## Try it
From the records below, find each line with the string "объектов" and copy it.

[Source data]
┌──
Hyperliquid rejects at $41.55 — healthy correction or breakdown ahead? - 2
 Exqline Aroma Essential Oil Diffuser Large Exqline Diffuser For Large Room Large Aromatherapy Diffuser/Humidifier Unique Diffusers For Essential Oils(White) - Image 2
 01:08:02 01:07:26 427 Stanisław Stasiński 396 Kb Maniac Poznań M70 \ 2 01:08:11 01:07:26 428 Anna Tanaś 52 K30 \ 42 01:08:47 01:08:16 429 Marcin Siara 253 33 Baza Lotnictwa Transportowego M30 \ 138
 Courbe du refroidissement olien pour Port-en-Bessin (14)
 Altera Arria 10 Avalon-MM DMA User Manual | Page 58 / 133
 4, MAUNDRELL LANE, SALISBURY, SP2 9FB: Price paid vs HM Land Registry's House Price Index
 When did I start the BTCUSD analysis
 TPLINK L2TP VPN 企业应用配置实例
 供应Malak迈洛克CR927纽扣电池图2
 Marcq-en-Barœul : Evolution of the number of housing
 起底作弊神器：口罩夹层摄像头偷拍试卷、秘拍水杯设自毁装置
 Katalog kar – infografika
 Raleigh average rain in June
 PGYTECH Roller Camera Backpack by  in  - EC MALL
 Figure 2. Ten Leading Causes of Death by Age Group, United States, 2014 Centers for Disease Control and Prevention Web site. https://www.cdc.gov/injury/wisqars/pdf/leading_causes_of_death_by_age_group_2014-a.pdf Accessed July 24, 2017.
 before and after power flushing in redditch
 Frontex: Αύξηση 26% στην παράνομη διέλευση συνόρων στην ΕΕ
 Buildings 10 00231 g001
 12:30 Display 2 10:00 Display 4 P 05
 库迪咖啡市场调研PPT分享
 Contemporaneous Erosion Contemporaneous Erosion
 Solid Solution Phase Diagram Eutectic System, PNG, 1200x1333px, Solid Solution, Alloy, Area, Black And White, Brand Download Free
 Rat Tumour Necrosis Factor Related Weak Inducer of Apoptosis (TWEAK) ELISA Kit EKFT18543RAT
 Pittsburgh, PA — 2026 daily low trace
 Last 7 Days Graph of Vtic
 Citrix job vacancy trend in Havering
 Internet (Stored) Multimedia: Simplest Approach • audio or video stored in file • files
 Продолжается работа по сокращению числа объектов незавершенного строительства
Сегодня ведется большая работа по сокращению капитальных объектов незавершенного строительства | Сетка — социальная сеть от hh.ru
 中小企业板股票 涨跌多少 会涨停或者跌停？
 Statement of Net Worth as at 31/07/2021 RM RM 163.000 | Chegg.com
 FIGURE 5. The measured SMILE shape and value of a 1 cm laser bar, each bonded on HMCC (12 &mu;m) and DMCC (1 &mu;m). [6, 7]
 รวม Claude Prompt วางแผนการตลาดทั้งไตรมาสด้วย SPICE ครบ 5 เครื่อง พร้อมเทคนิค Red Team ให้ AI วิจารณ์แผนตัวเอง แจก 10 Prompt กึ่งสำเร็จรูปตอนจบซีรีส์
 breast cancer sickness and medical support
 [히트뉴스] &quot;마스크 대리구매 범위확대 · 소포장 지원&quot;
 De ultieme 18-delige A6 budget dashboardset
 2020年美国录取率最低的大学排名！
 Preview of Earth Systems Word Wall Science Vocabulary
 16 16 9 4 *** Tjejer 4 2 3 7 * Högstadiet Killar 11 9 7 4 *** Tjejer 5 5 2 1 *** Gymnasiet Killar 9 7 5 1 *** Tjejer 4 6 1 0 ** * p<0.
└──
## Your response
 Продолжается работа по сокращению числа объектов незавершенного строительства
Сегодня ведется большая работа по сокращению капитальных объектов незавершенного строительства | Сетка — социальная сеть от hh.ru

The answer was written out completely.